Fiber mediated receptor masking in non-infected bystander cells restricts adenovirus cell killing effect but promotes adenovirus host co-existence

Abstract

The basic concept of conditionally replicating adenoviruses (CRAD) as oncolytic agents is that progenies generated from each round of infection will disperse, infect and kill new cancer cells. However, CRAD has only inhibited, but not eradicated tumor growth in xenograft tumor therapy, and CRAD therapy has had only marginal clinical benefit to cancer patients. Here, we found that CRAD propagation and cancer cell survival co-existed for long periods of time when infection was initiated at low multiplicity of infection (MOI), and cancer cell killing was inefficient and slow compared to the assumed cell killing effect upon infection at high MOI. Excessive production of fiber molecules from initial CRAD infection of only 1 to 2% cancer cells and their release prior to the viral particle itself caused a tropism-specific receptor masking in both infected and non-infected bystander cells. Consequently, the non-infected bystander cells were inefficiently bound and infected by CRAD progenies. Further, fiber overproduction with concomitant restriction of adenovirus spread was observed in xenograft cancer therapy models. Besides the CAR-binding Ad4, Ad5, and Ad37, infection with CD46-binding Ad35 and Ad11 also caused receptor masking. Fiber overproduction and its resulting receptor masking thus play a key role in limiting CRAD functionality, but potentially promote adenovirus and host cell co-existence. These findings also give important clues for understanding mechanisms underlying the natural infection course of various adenoviruses.

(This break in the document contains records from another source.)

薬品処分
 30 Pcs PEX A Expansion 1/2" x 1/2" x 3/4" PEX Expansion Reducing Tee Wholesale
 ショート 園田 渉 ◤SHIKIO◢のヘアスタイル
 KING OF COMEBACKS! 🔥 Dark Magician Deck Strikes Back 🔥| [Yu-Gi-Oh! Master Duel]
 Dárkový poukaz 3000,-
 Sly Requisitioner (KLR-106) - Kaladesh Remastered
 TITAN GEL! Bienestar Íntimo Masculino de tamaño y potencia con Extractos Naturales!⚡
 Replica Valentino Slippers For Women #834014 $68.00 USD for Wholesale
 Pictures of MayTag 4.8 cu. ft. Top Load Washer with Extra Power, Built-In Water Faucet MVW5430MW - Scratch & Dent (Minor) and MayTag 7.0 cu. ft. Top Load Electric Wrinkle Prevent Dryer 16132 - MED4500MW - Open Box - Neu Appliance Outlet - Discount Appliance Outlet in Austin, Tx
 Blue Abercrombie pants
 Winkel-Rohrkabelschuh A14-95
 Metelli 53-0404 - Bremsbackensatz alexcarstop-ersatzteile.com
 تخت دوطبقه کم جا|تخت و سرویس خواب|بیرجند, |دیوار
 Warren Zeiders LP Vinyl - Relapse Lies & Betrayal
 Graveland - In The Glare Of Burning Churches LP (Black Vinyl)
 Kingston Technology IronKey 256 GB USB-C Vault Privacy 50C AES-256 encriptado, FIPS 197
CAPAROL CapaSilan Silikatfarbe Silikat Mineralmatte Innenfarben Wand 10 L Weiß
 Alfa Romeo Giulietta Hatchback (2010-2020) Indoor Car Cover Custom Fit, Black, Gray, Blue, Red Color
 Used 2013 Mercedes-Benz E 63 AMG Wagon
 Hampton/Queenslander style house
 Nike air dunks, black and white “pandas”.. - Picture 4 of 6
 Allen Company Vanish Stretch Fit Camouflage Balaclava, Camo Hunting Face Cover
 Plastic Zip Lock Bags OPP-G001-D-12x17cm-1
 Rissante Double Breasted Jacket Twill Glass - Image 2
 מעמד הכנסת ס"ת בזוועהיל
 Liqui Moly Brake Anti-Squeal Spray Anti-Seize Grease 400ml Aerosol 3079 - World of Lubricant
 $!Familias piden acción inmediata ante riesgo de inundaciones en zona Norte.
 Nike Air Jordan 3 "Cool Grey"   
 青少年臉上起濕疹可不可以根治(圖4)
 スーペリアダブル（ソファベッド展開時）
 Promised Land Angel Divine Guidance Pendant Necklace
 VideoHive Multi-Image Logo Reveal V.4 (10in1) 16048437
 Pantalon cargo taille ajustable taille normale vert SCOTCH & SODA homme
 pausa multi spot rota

Figure 1. Cancer cell killing of CRAD infection at low MOI.

Mean ± SD (n = 3) of total cell numbers of CRAD infected cell cultures relative to non-infected control cultures at one-week post infection are shown.

Figure 2. Decrease of receptor detectibility following CRAD replication in a small fraction of cells.

(A) GFP expression and CAR, CD46 intensity in A549 cells at one week following Ad5-CRAD infection at indicated MOI. Numbers in each quadrate represent the phenotypic distribution of the cells according to GFP expression and CD46 or CAR mAb staining intensity. The numbers in brackets represent the mean fluorescence intensity (MFI) of CAR or CD46 staining of all cells. Data are representative for (C). (B) CAR and CD46 intensity in A549 cells at one week following Ad5F35-CRAD infection. The numbers in brackets represent the MFI of CAR or CD46 staining (red line in each histogram) of all cells. The blue lines represent isostype control antibody staining. (C) Inverse correlation between CAR intensity and the percentages of GFP⁺ cells following Ad5-CRAD infection at low MOIs. Each dot represents one independent assay for GFP expression and CAR MFI relative to the control non-infected cells. (D) The ratios of CAR or CD46 mRNA expression level (filled box, mean ± SD) and its 95% confidence intervals between Ad5-CRAD infected (with ∼2% GFP⁺ cells) and non-infected A549 cultures. (E) Representative CLSM analyses of RcmB binding in A549 control culture (left panel) or cultures at day 6 post infection with Ad5-CRAD at a MOI of 1.0 with ∼1.5% cells being GFP⁺ (right panel).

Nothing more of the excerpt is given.